Minister Dery Seeks to Repeal Anachronistic Israeli Press Restrictions

A 1933 law passed during British Mandatory rule requires a government license for any newspaper, and has been used to bar 62 from being published in the last decade.

Dreamstime

Interior Minister Arye Dery said Thursday he would seek to repeal an anachronistic 1933 statute that enables the government to prevent a newspaper from being published. 

The decision, which still requires parliamentary approval, would cancel the need to obtain a license in order to print or distribute a newspaper.

The so-called press edict had been passed during the British Mandatory era as a tool to impose strict political censorship. Dery said that once the law has been rescinded he would bring to the attention of the attorney general extreme cases of newspapers suspected of damaging state security interests or the public welfare.

Dery's decision follows an appeal by the Association for Civil Rights in Israel  to the High Court demanding that the law be rescinded. The group has sought for two decades to get the measure outlawed. 

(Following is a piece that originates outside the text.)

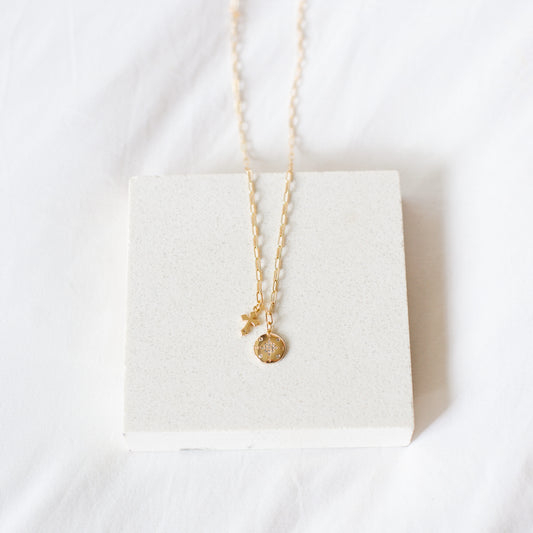 Cross Compass Charm Necklace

ACRI welcomed Dery's decision though pointed out that it was issued just ahead of his deadline to respond to the group's appeal.

"The press law is a remnant of British Mandate rule, and we as a democratic country that cherishes freedom of expression should cancel it, the sooner the better," Dery said.

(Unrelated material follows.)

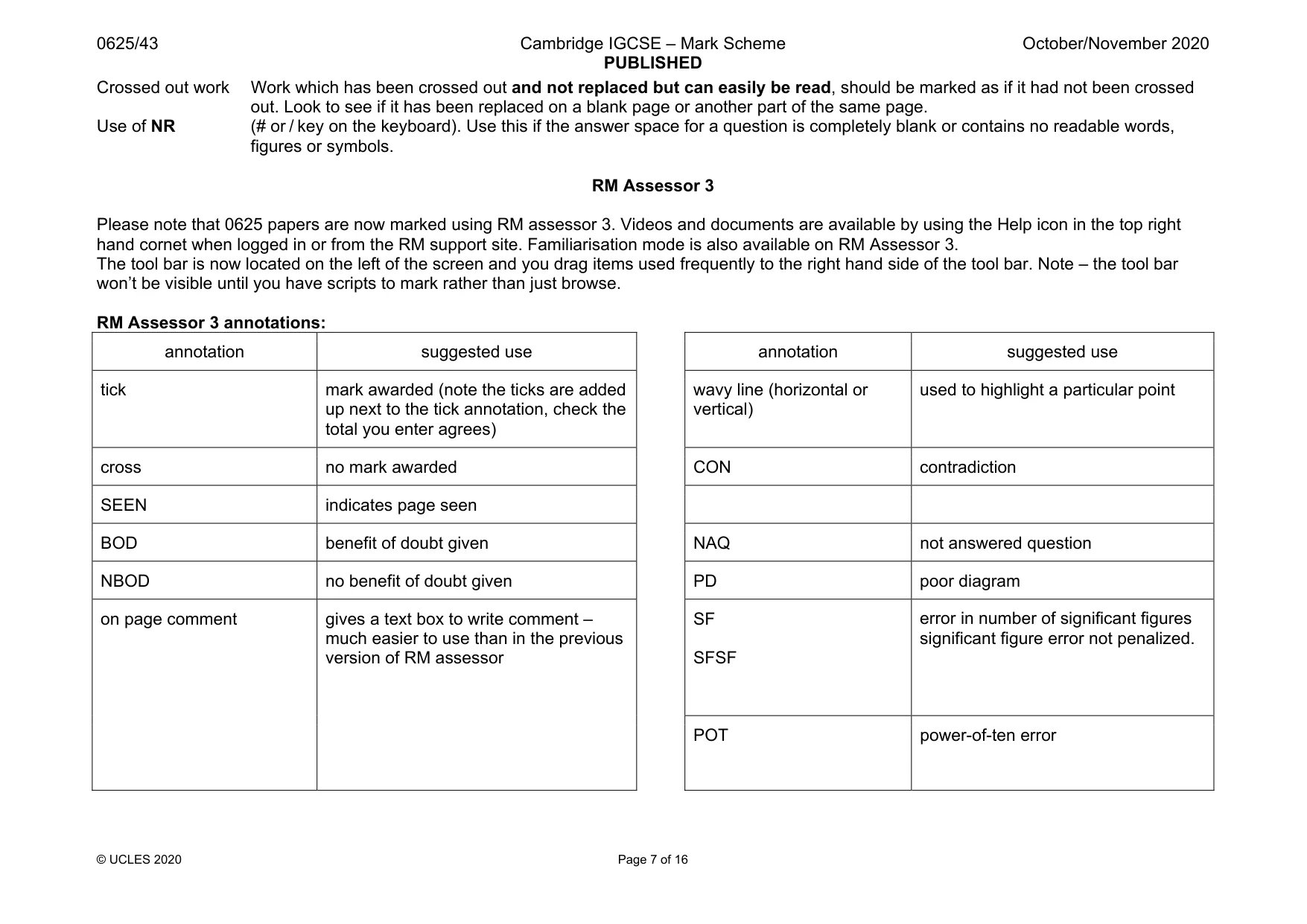 Mark scheme, page 7 of 16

"The government should not be involved in distributing licenses to newspapers."

Data uncovered recently by Haaretz found that on the basis of this edict, the Interior Ministry has prevented publication of at least 62 newspapers in the last decade, or more than 10 percent of applications for publication.

In 1953, the interior minister at the time tried to shut two newspapers, Kol Ha'am and Al Ittihad, on the basis of the prestate edict, over editorials they published that were strongly critical of the government. But the High Court effectively overruled the minister by granting editors' appeals of that decision.